* _Instructions for the task_
Nothing but an exact repeat of the data, with pictures removed, belongs in the answer.

Dataset entries:

◇ ◇ ◇

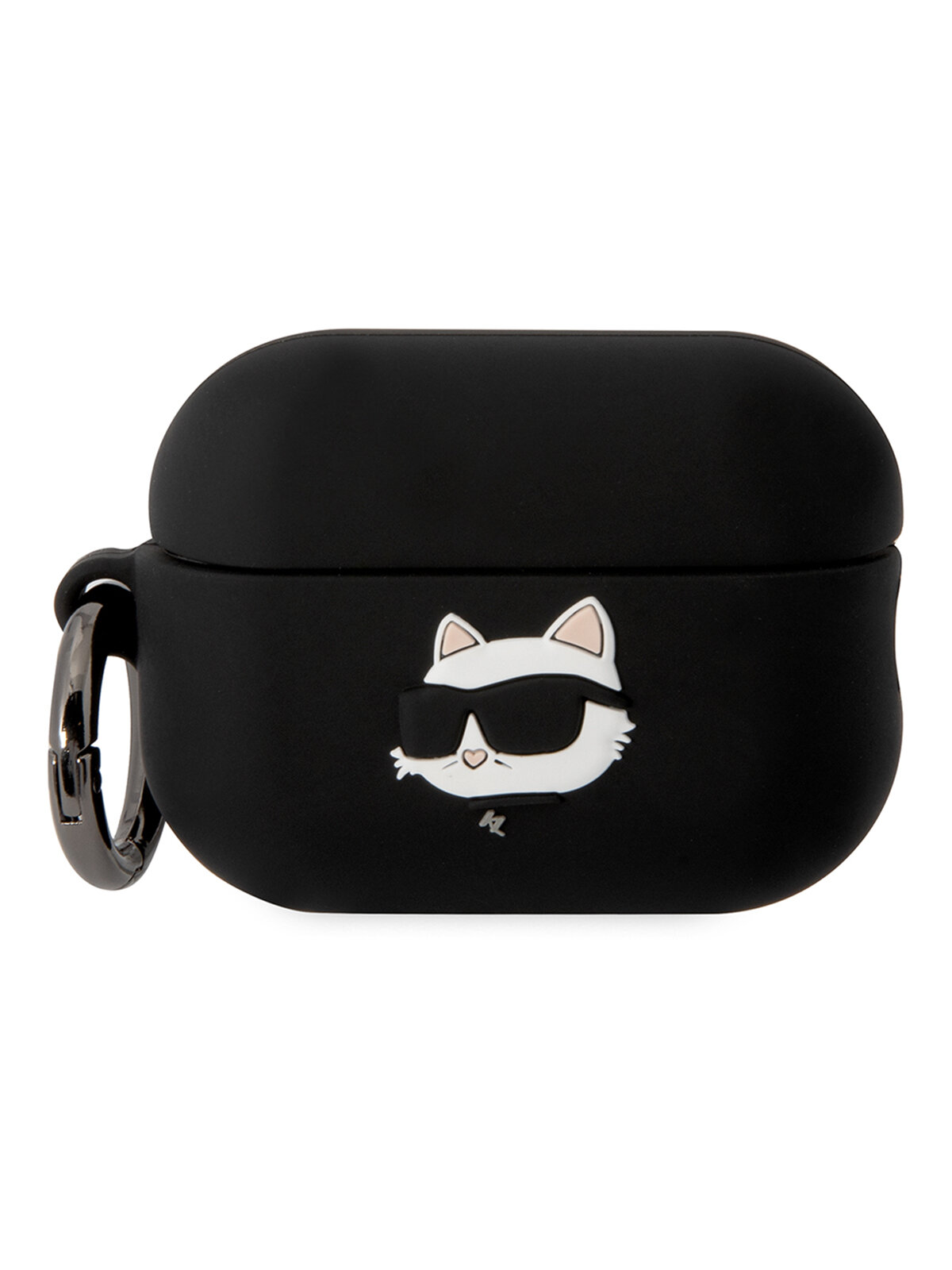 Чехол Karl Lagerfeld силиконовый для Airpods Pro 2, NFT 3D Choupette черный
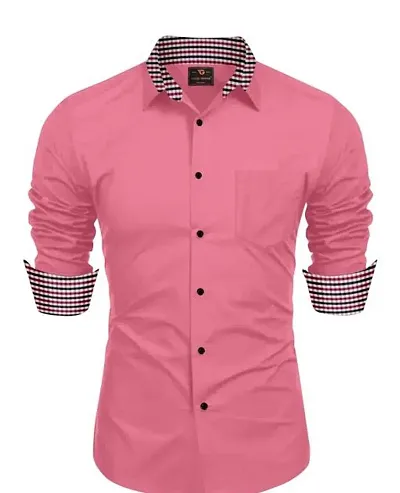 Reliable Cotton Solid Long Sleeves Shirts For Men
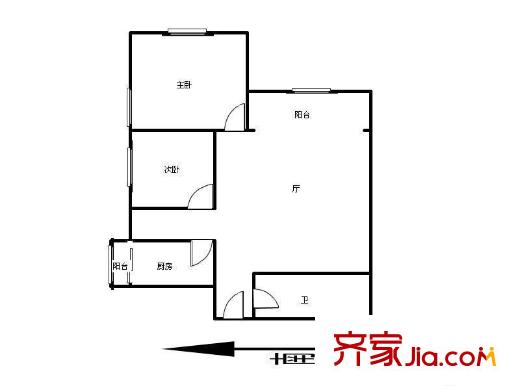 天華里戶型圖戶型圖 2室1廳1衛(wèi)1廚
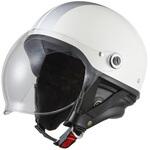 ヘルメット ストリートハーフ SG規格適合品 KC-017A ホワイト/シルバー バイクパーツセンター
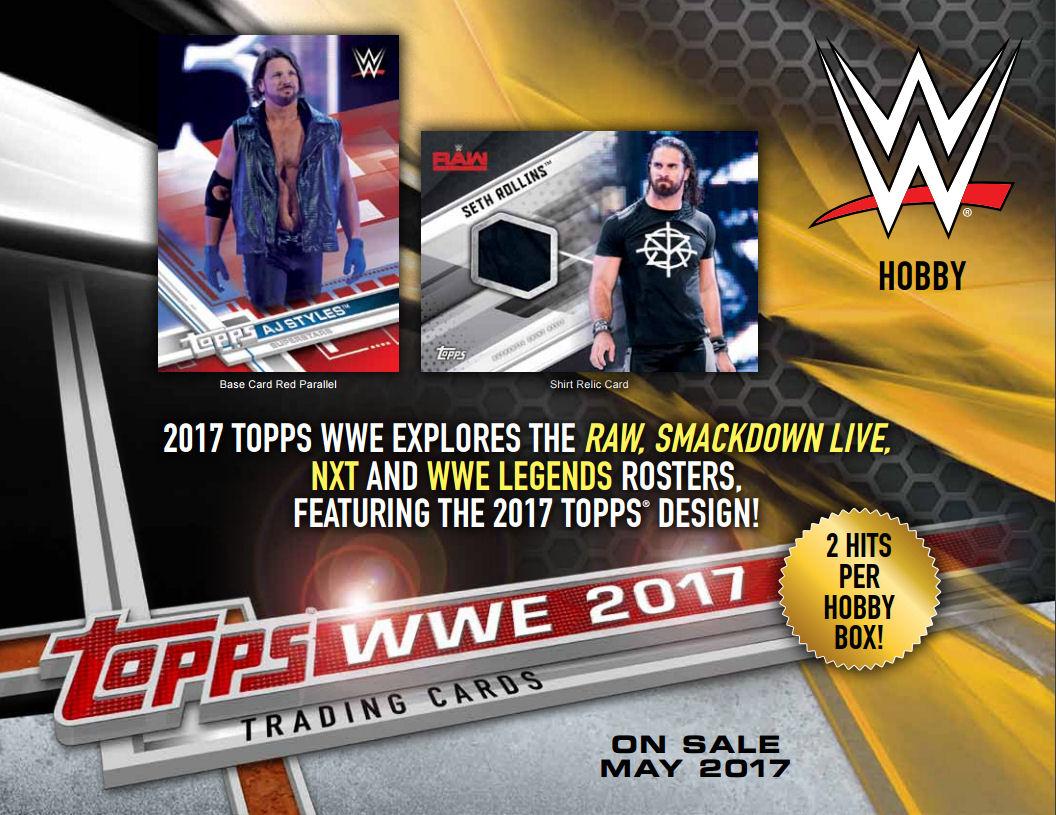 2017 Topps WWE Sell Sheet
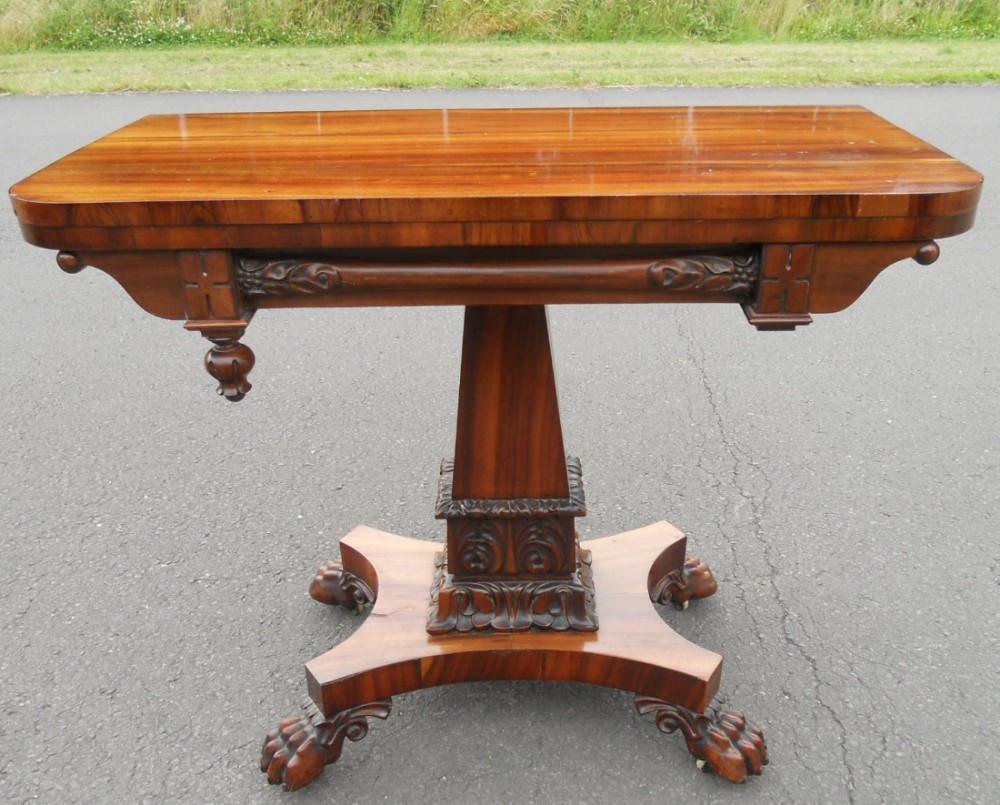 Regency Mahogany Foldover Card Table 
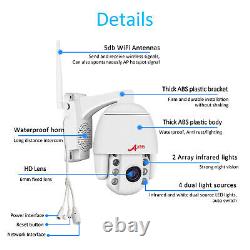 Anran Home Security Camera System 5mp Pan/tilt Wireless 2way Audio Outdoor Wifi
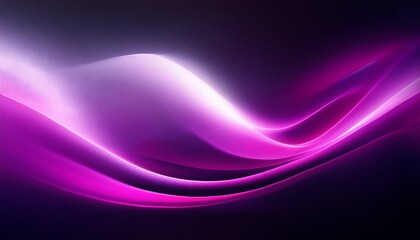 Wall Mural - black deep dark violet purple fuchsia magenta pink white abstract background color gradient ombre blurred wave grain noise mesh particle bright light glitter glow shine neon metallic foil design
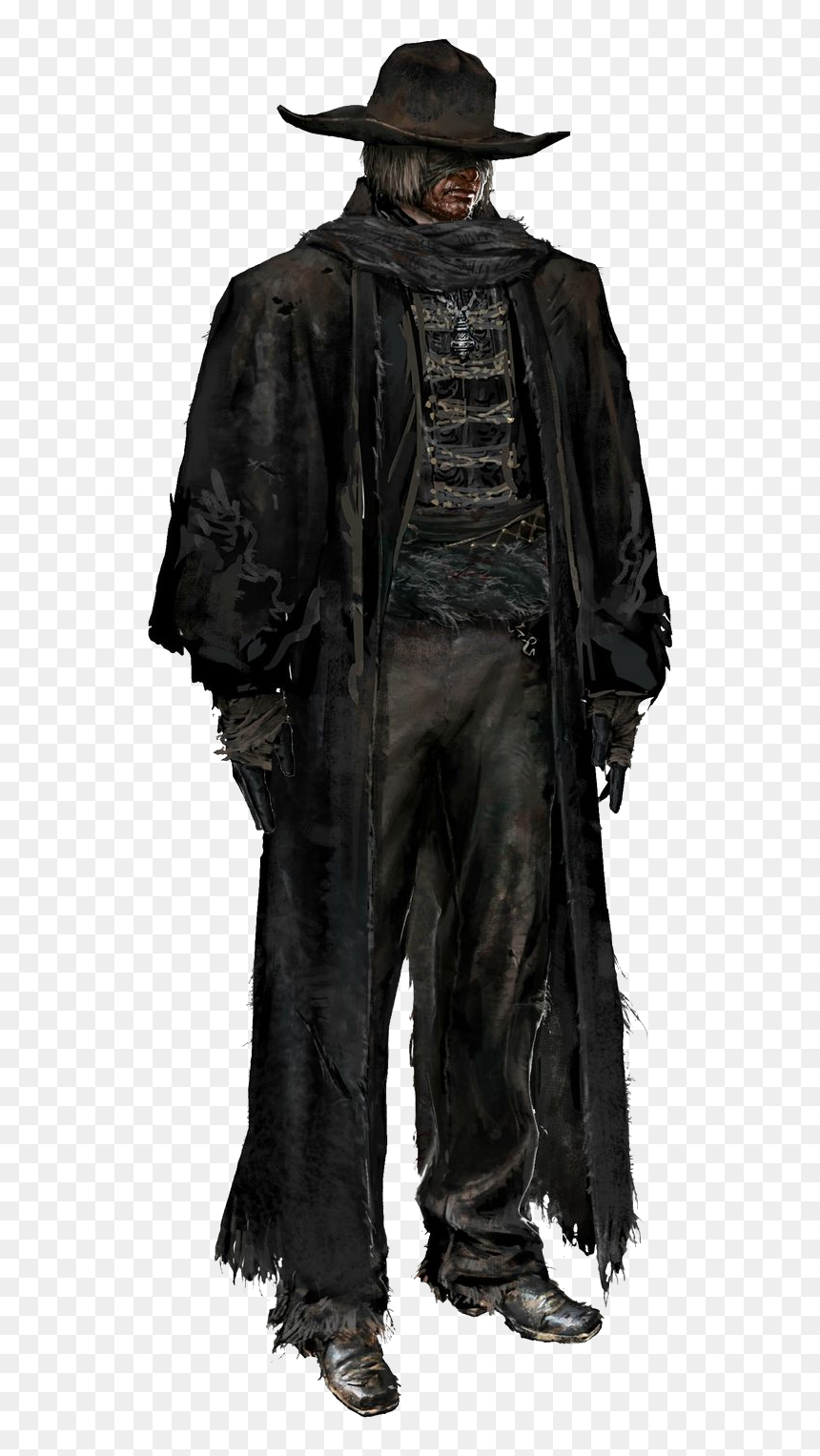 Bloodborne Transparent Trench Coat - Bloodborne Healing Church Hunters, HD Png Download - bloodborne png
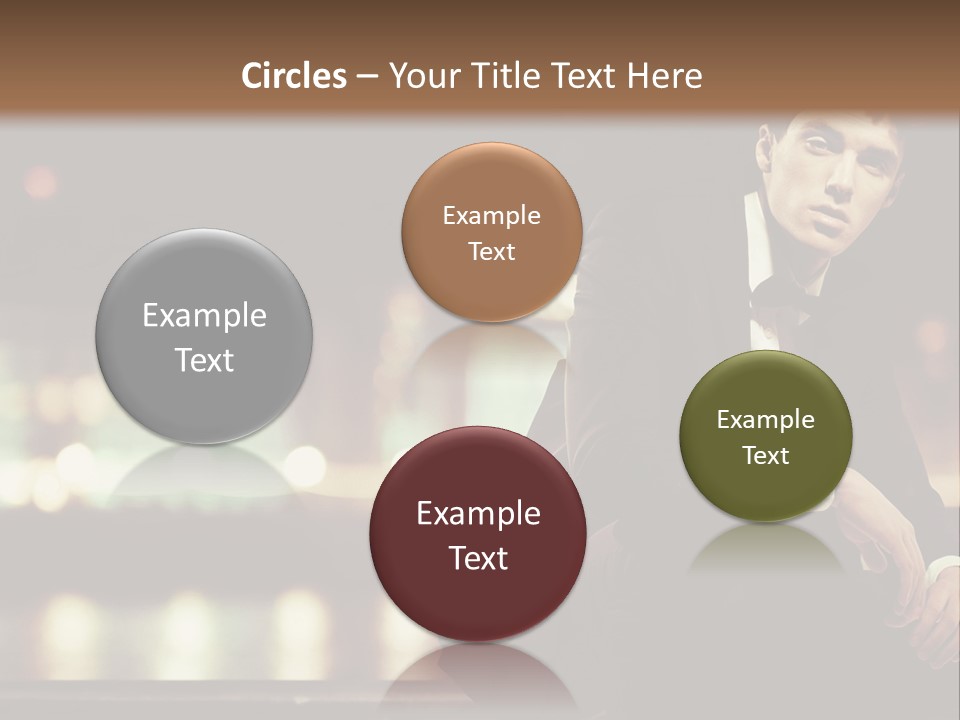 Leaf Residential Man PowerPoint Template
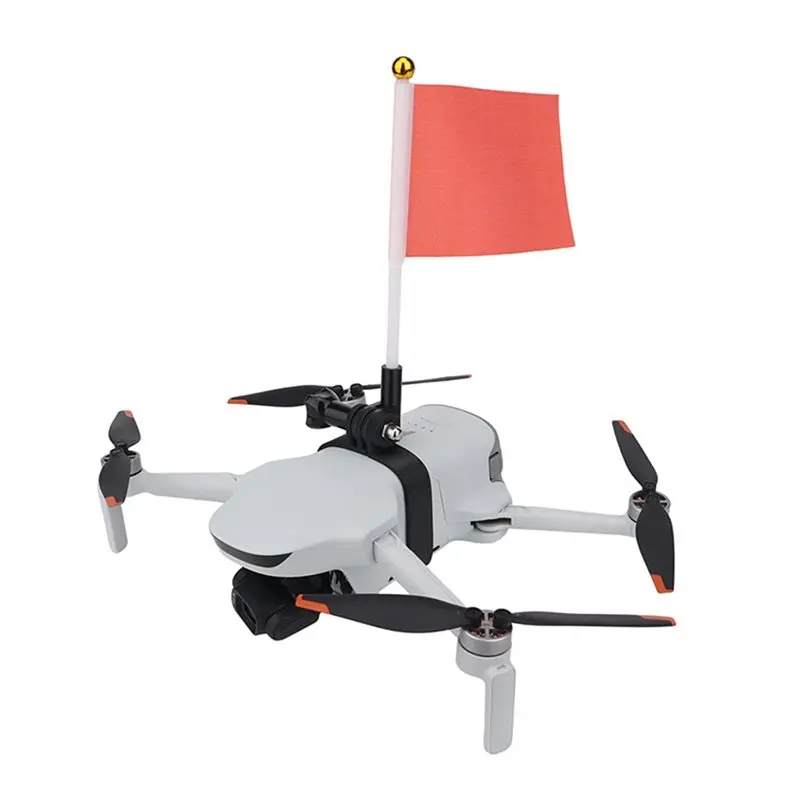 B04C-For Potensic ATOM 3 Drone Expansion Accessories Top Stand With Flag Set Top Mounting Bracket Drone Camera Accessorieies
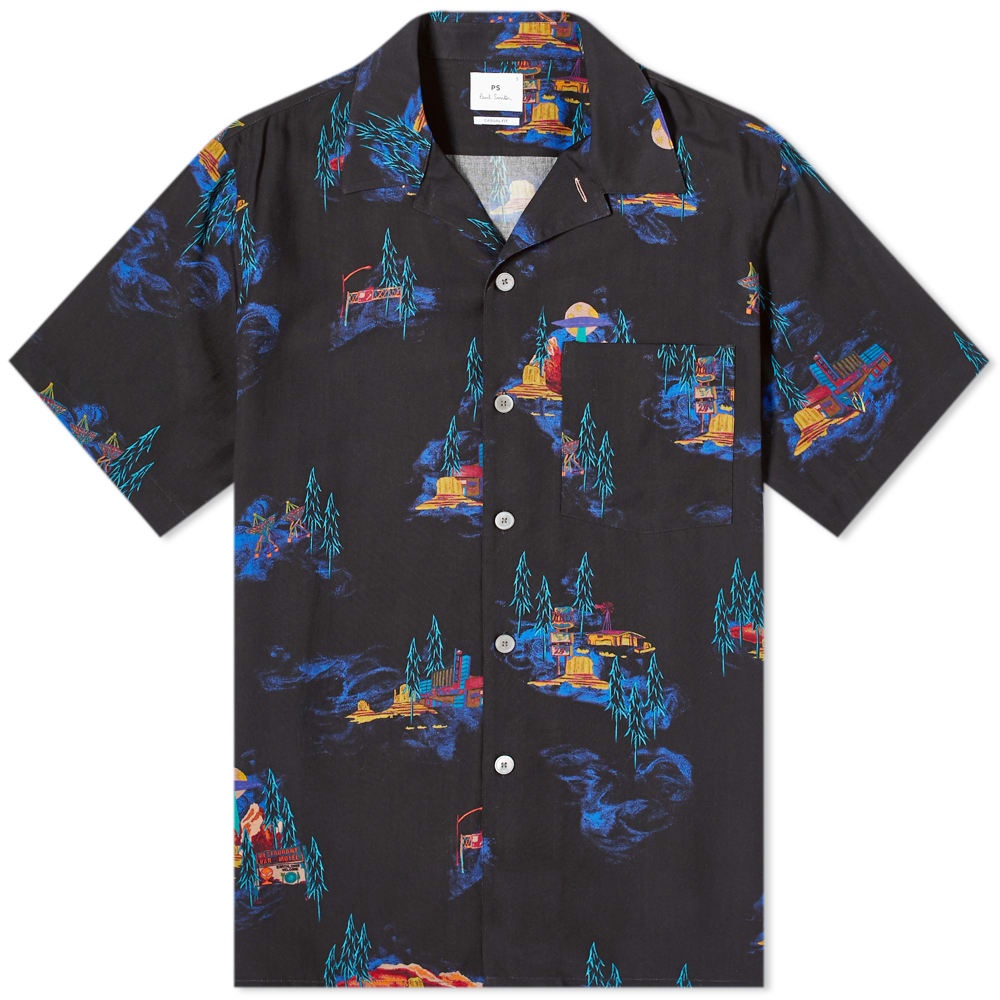 Paul Smith UFO Motel Print Vacation Shirt - 1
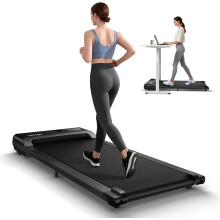 Walking Pad Treadmill, 6km/h Under Desk Treadmill for Home, 2.5HP Quiet Portable Electric Running Pad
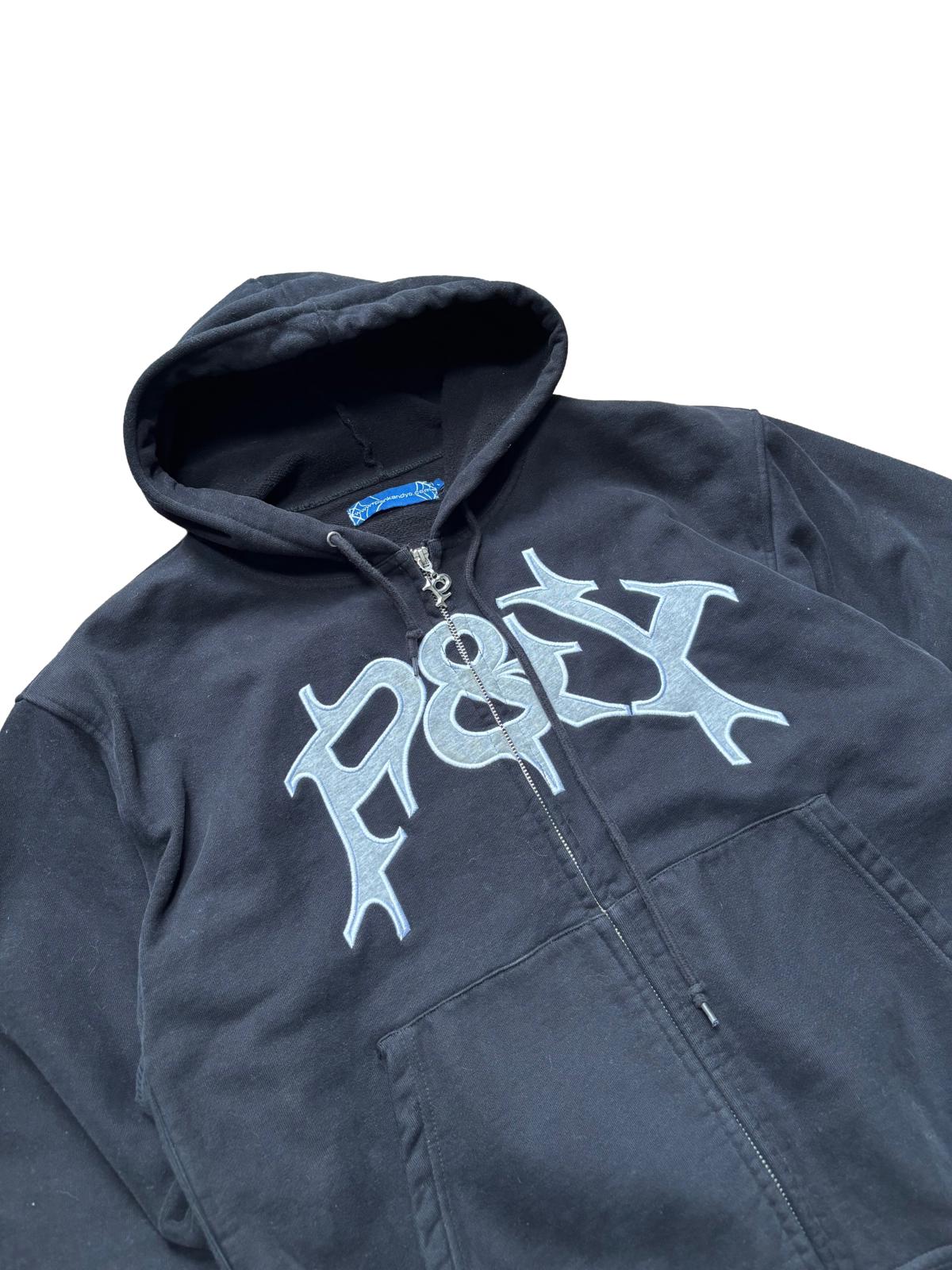 Punkandyo Zip Hoodie Black Large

◇ ◇ ◇

* _Expected output_
 Чехол Karl Lagerfeld силиконовый для Airpods Pro 2, NFT 3D Choupette черный
 Reliable Cotton Solid Long Sleeves Shirts For Men
 天華里戶型圖戶型圖 2室1廳1衛(wèi)1廚
 ヘルメット ストリートハーフ SG規格適合品 KC-017A ホワイト/シルバー バイクパーツセンター
 2017 Topps WWE Sell Sheet
 Regency Mahogany Foldover Card Table 
 Anran Home Security Camera System 5mp Pan/tilt Wireless 2way Audio Outdoor Wifi
 Wall Mural - black deep dark violet purple fuchsia magenta pink white abstract background color gradient ombre blurred wave grain noise mesh particle bright light glitter glow shine neon metallic foil design
 Bloodborne Transparent Trench Coat - Bloodborne Healing Church Hunters, HD Png Download - bloodborne png
 Leaf Residential Man PowerPoint Template
 B04C-For Potensic ATOM 3 Drone Expansion Accessories Top Stand With Flag Set Top Mounting Bracket Drone Camera Accessorieies
 Paul Smith UFO Motel Print Vacation Shirt - 1
 Walking Pad Treadmill, 6km/h Under Desk Treadmill for Home, 2.5HP Quiet Portable Electric Running Pad
 Punkandyo Zip Hoodie Black Large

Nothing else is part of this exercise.